● **ACTION ITEM**
Return, with both end lines included, exactly what the data below holds from the line with "Zanerobe Shorts Mens" through the line with "Sneakersy CALVIN KLEIN", though not the pictures.
━━━━━━━━━━
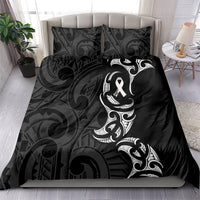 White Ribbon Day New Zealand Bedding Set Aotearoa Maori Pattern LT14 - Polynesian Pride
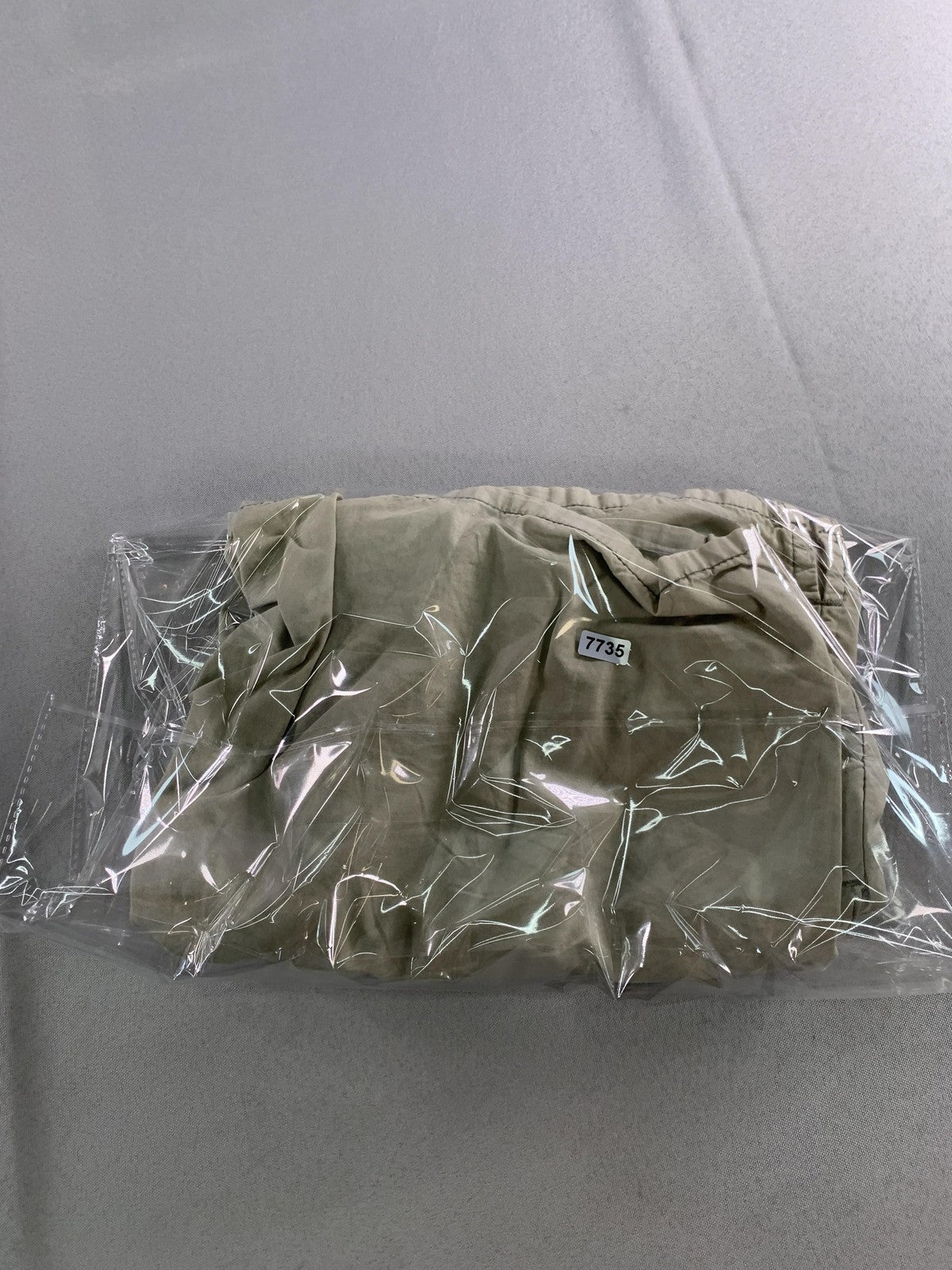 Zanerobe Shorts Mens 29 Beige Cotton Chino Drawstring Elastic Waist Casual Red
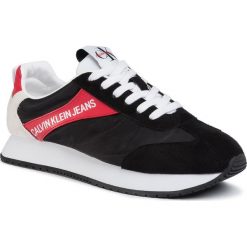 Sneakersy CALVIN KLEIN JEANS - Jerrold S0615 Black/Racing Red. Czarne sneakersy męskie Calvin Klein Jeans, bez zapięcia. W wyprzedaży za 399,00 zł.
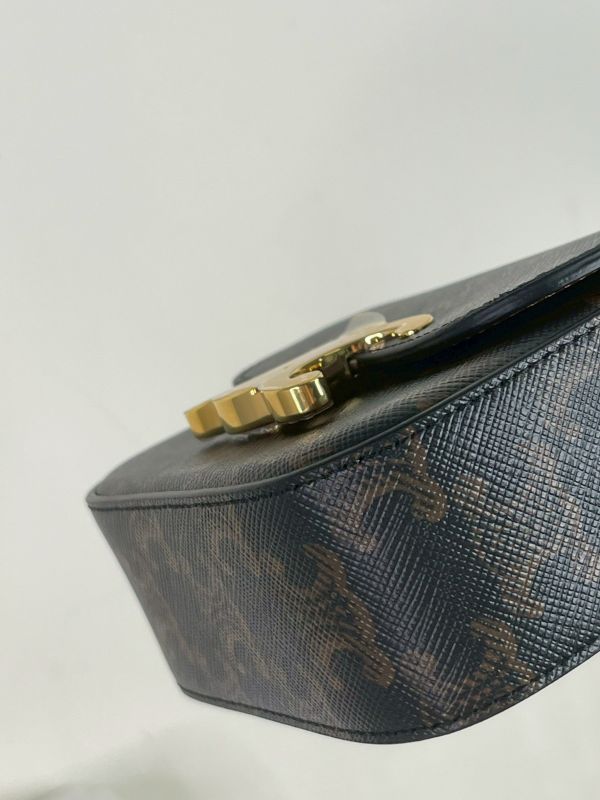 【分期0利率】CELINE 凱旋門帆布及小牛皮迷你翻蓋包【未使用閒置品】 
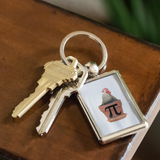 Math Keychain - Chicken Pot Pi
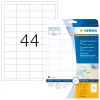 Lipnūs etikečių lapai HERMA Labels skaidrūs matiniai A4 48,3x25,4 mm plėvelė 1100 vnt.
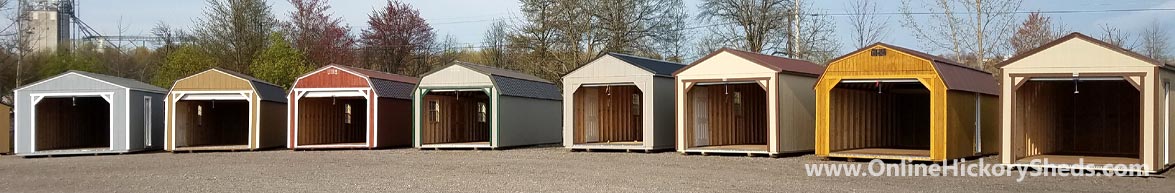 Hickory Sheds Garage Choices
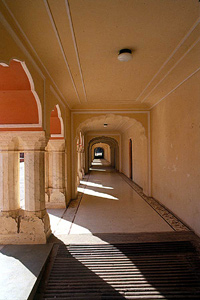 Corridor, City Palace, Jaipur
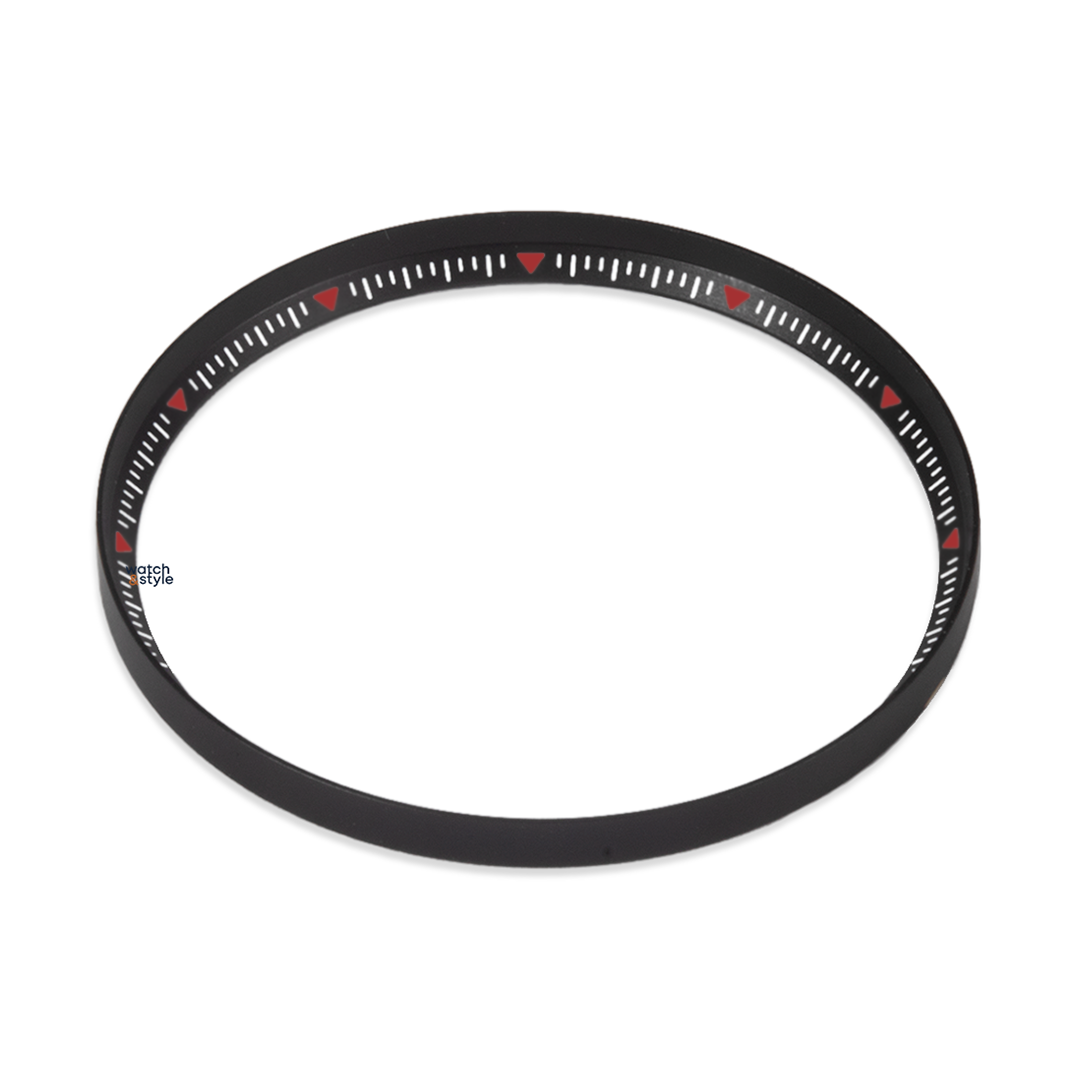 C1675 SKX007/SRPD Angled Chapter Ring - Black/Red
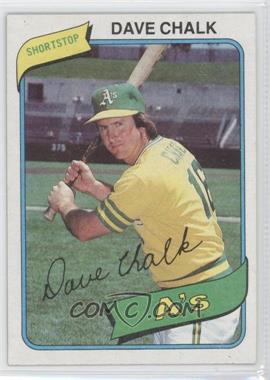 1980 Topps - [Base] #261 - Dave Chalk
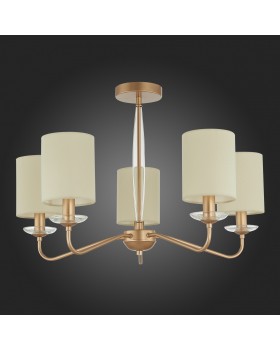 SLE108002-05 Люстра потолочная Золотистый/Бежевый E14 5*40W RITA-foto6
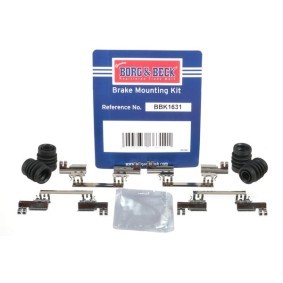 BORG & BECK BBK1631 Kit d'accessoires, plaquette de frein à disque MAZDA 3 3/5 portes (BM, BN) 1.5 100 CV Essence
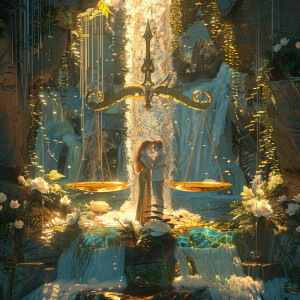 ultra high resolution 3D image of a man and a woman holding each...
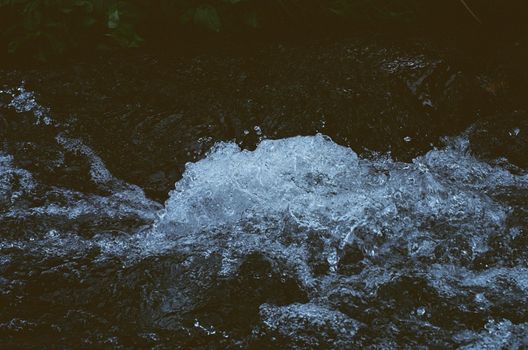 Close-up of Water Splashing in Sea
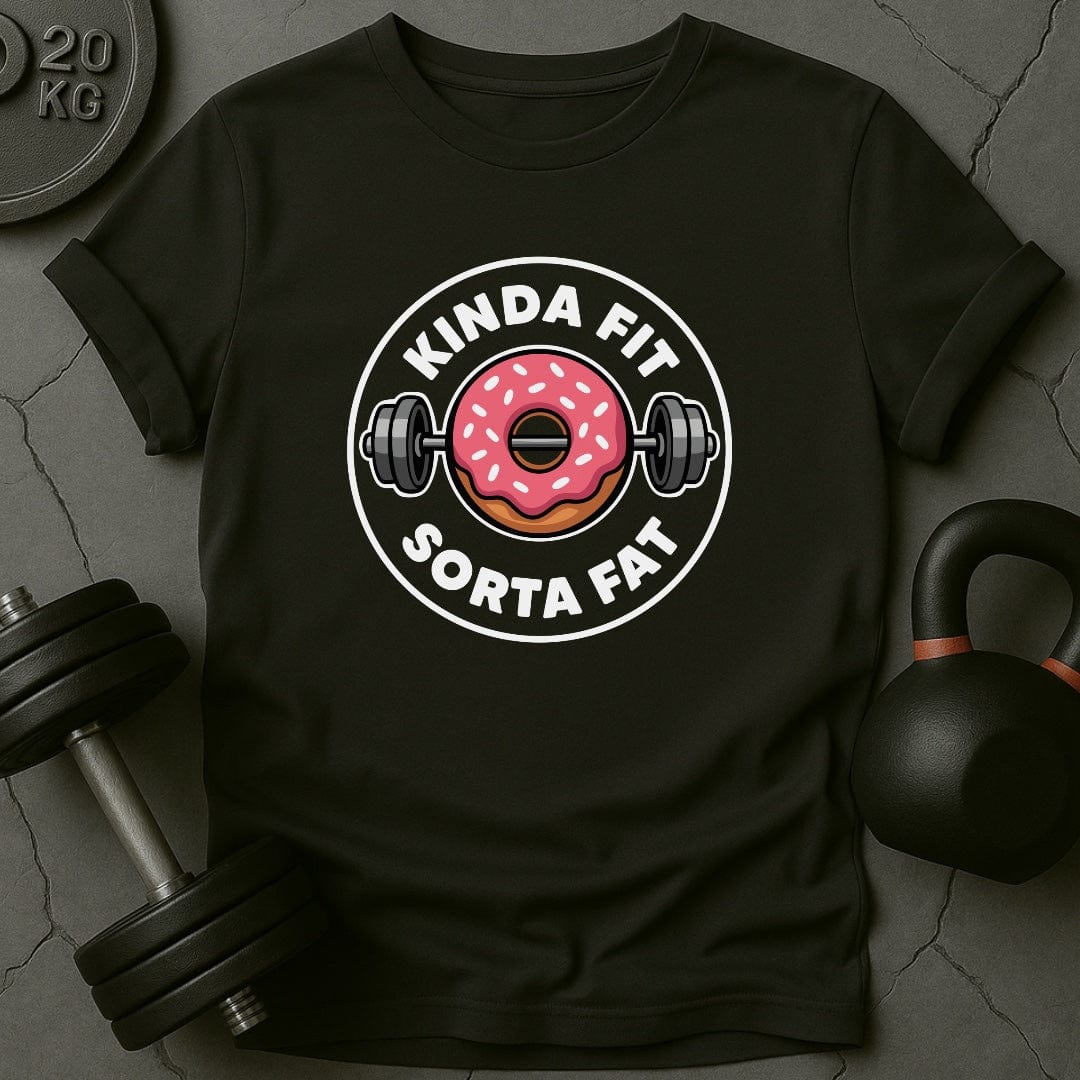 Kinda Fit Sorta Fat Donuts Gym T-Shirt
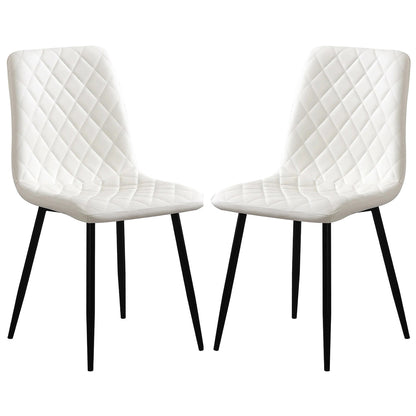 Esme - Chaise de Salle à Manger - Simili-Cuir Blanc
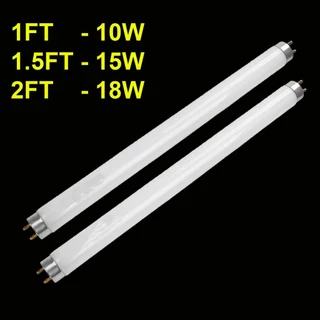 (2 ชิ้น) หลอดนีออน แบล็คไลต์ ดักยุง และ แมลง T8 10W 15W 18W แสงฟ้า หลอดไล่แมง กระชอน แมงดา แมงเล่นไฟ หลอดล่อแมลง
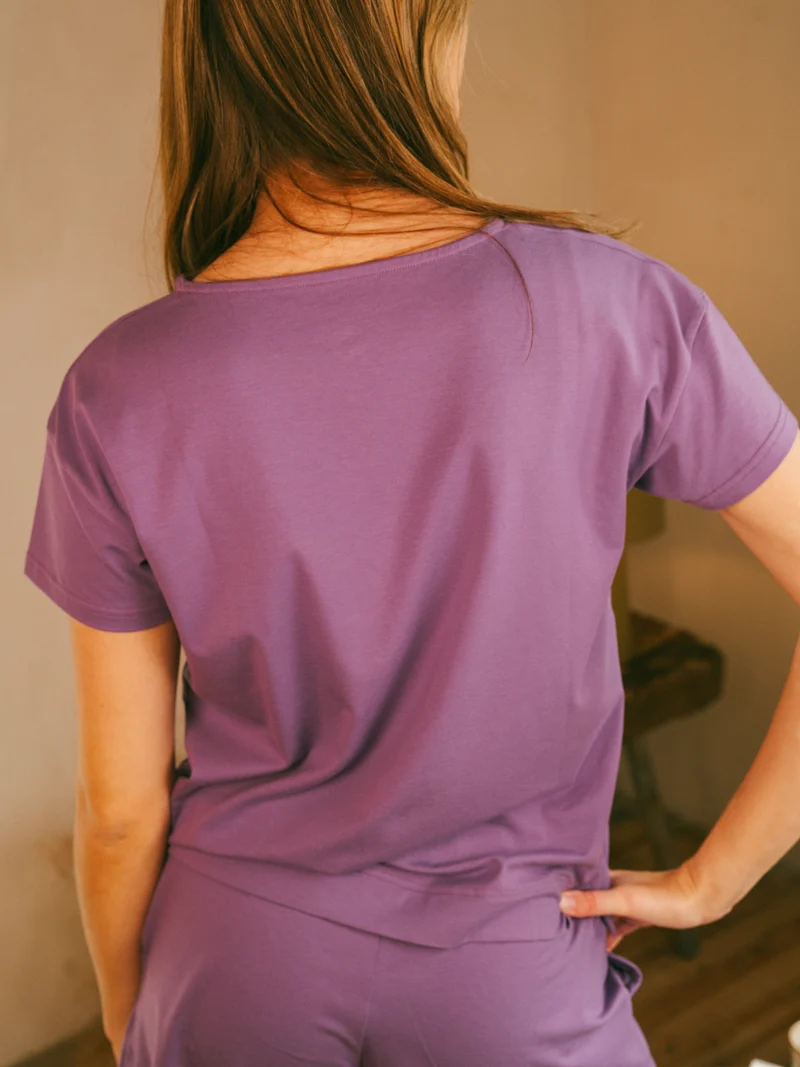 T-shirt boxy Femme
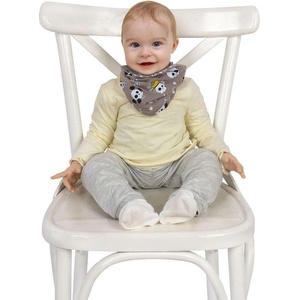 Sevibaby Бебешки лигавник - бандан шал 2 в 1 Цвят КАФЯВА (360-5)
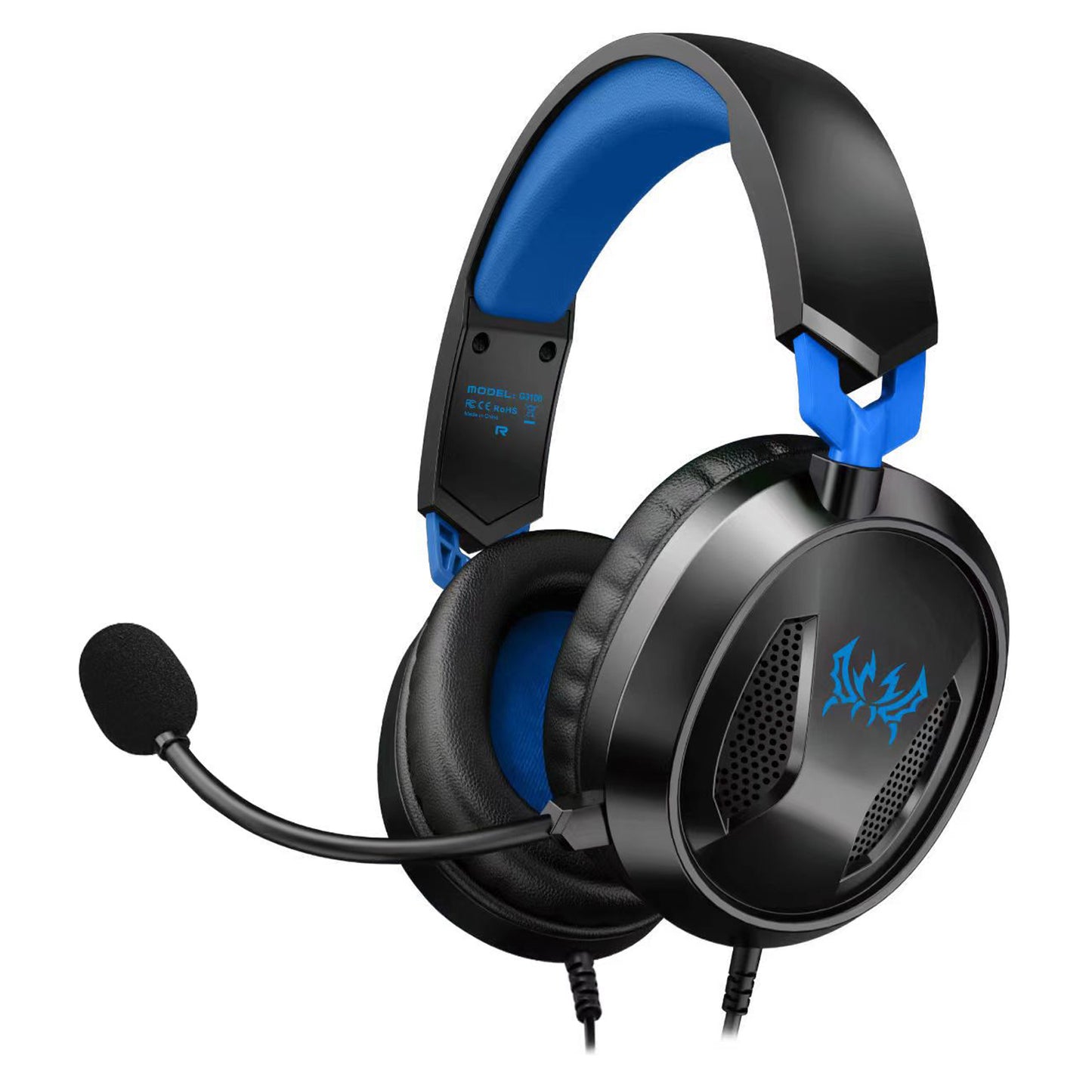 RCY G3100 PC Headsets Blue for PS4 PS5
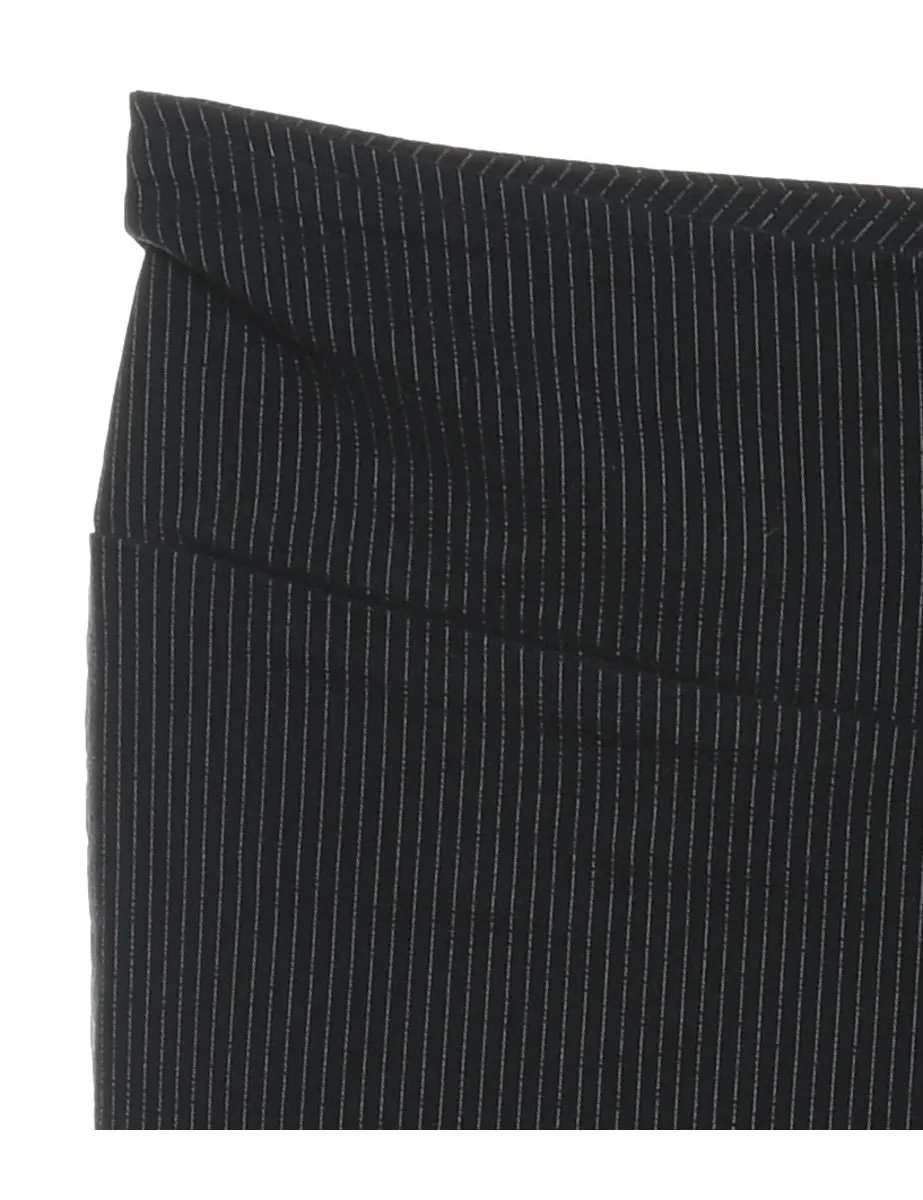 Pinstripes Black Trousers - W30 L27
━━━━━━━━━━
● **ANSWER TO THIS EXERCISE**
 Zanerobe Shorts Mens 29 Beige Cotton Chino Drawstring Elastic Waist Casual Red
 Sneakersy CALVIN KLEIN JEANS - Jerrold S0615 Black/Racing Red. Czarne sneakersy męskie Calvin Klein Jeans, bez zapięcia. W wyprzedaży za 399,00 zł.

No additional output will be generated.